An exact transcription is needed, beginning at the line with "Часы картина - Cows" and ending at the last line of the listing, with pictures left out and nothing else added.

-- -- --

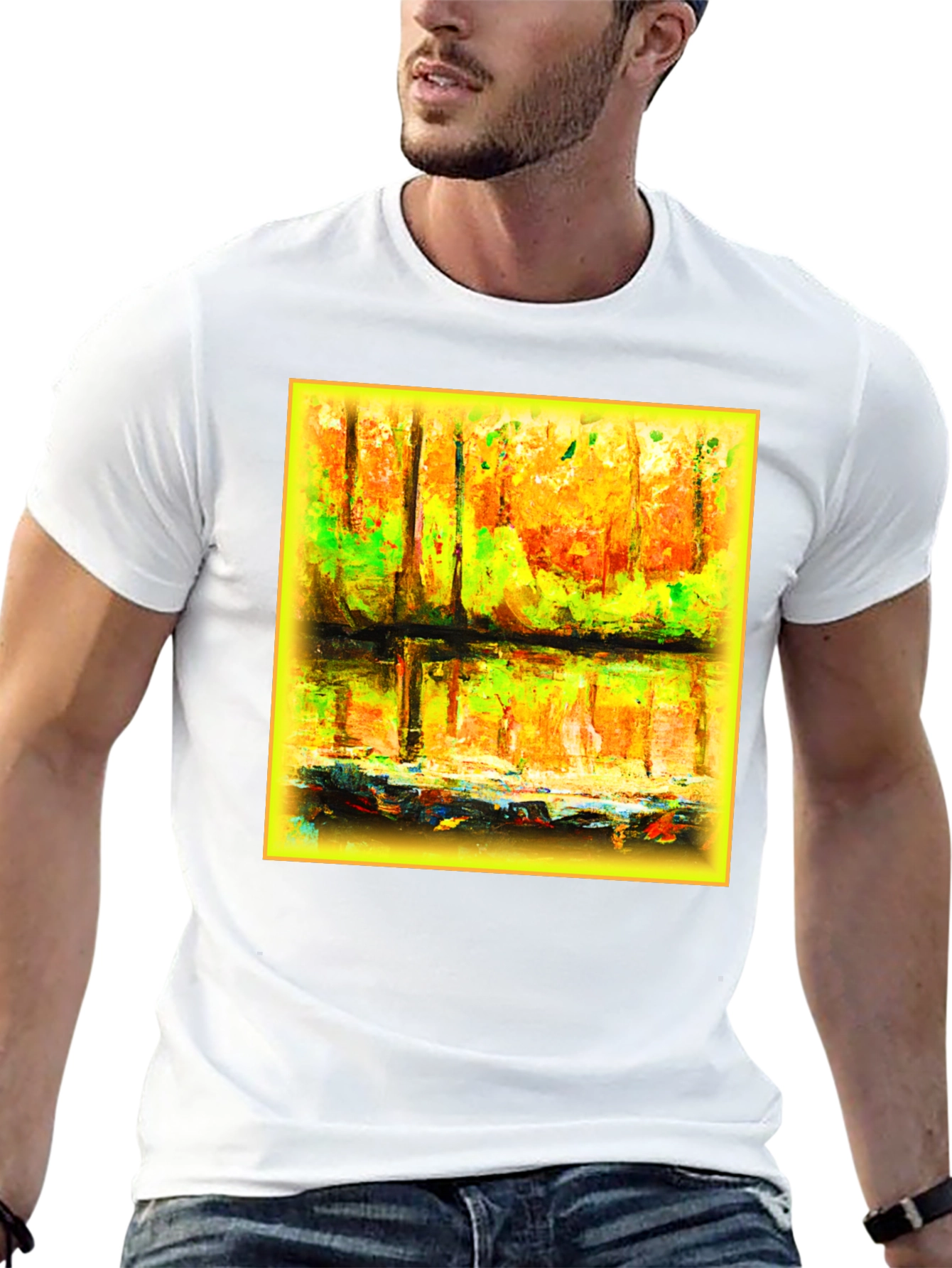 Abstract Forest Reflection Graphic Tee - Black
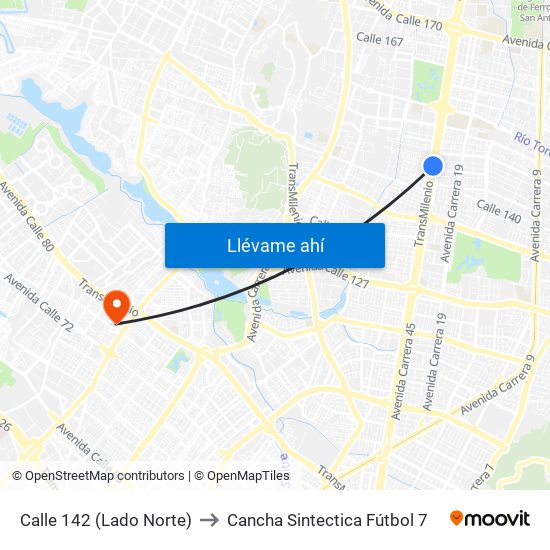 Calle 142 (Lado Norte) to Cancha Sintectica Fútbol 7 map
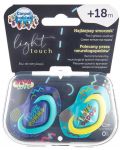 Залъгалки Canpol Light touch - Neon love, 18+месеца, 2 броя, сини - 8t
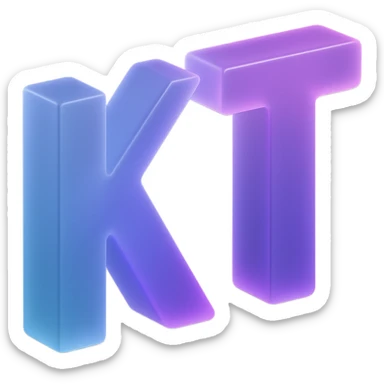 the letters KT with a fancy colorful gradient for the color with blue and purple sticker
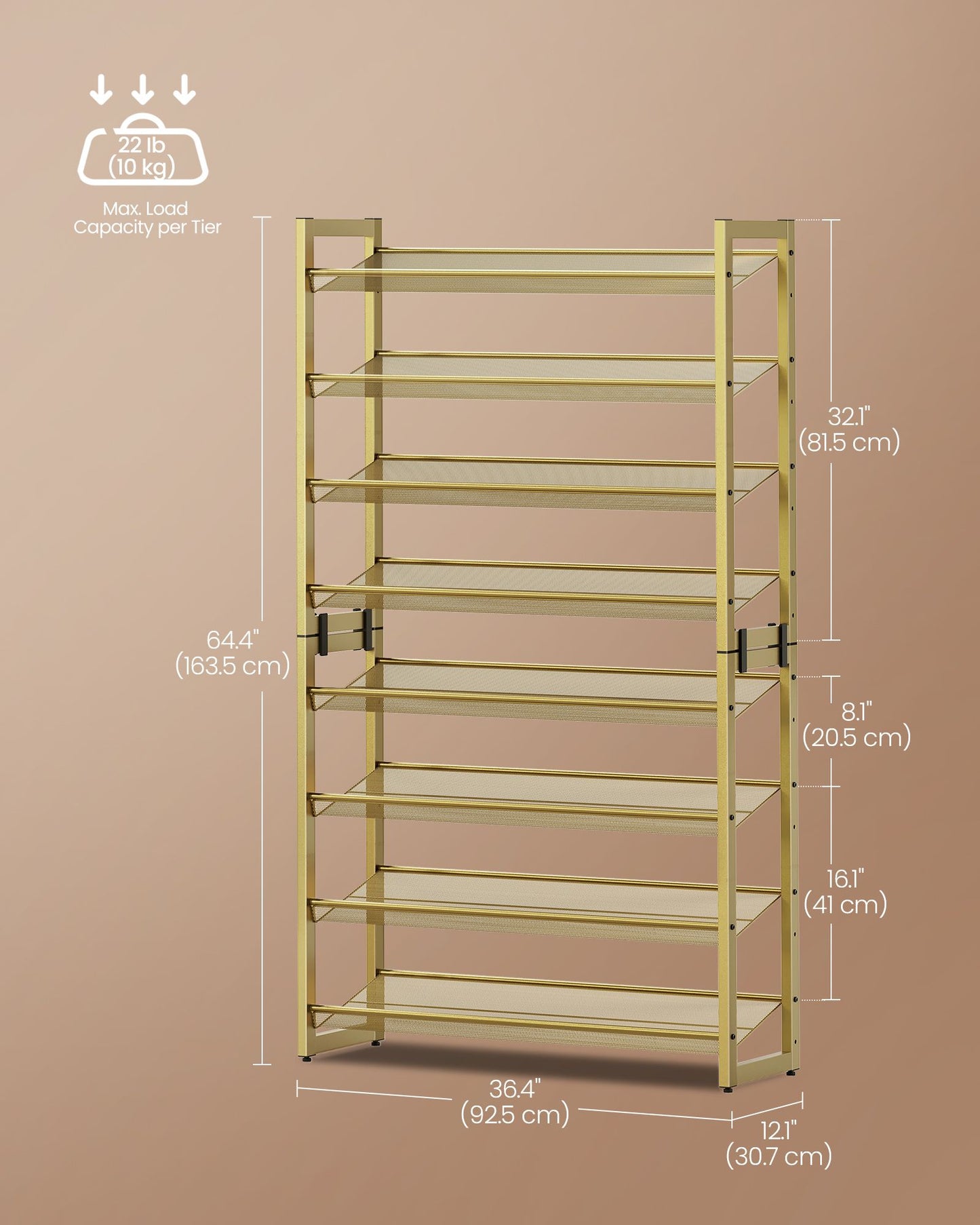 8-Tier Metal Shoe Organizer - HWLEXTRA 
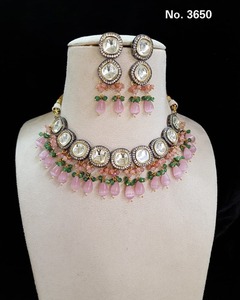 Ensemble de bijoux en perles AD CZ de la collection de colliers plaqués or de l'usine indienne pour filles, vêtements de fête pour femmes du fournisseur indien - Product Image 3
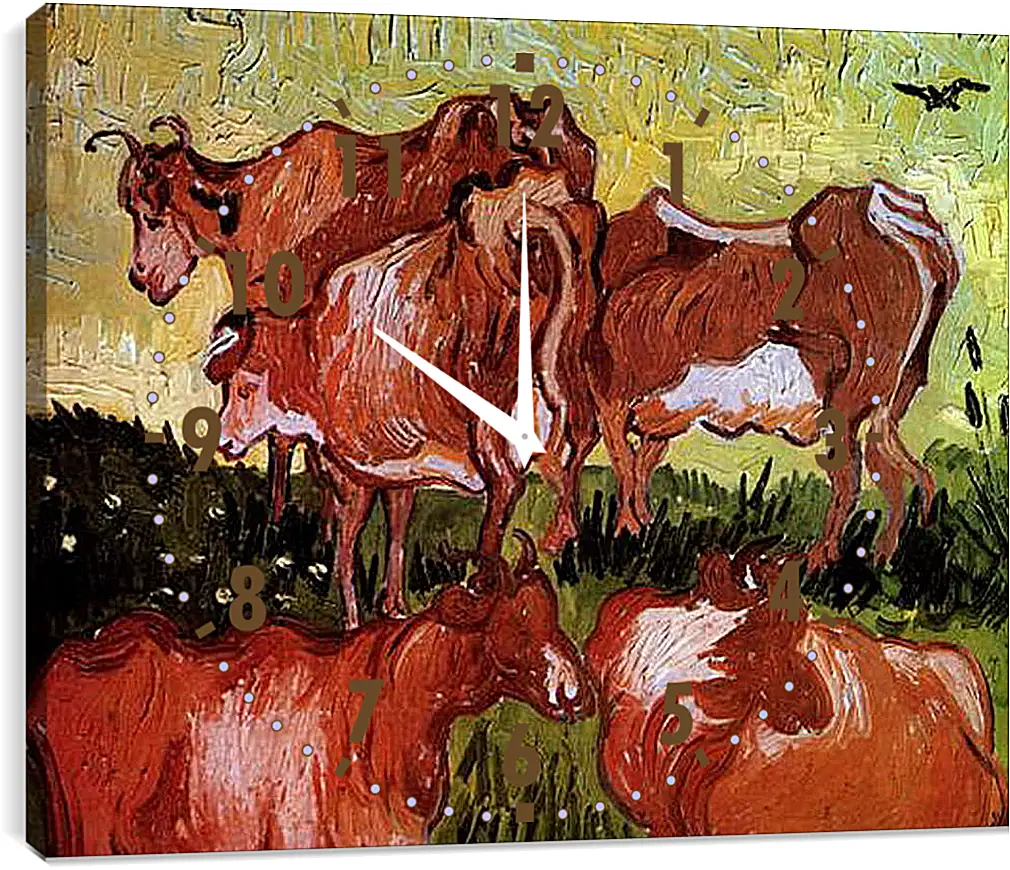 Часы картина - Cows after Jordaens. Винсент Ван Гог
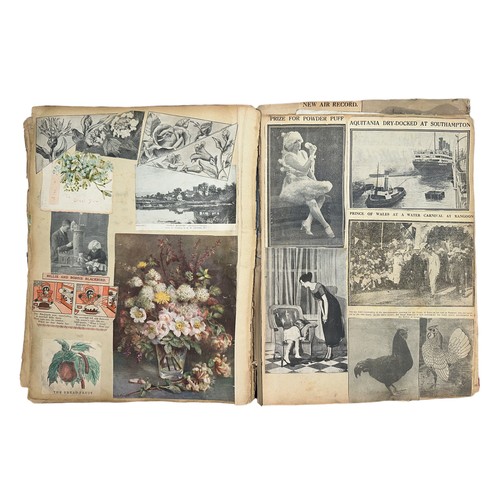 236 - Victorian scrap book including animals, flowers and a range of newspaper clippings etc. Lots of inte...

-- -- --

> The completed task:
 Часы картина - Cows after Jordaens. Винсент Ван Гог
 236 - Victorian scrap book including animals, flowers and a range of newspaper clippings etc. Lots of inte...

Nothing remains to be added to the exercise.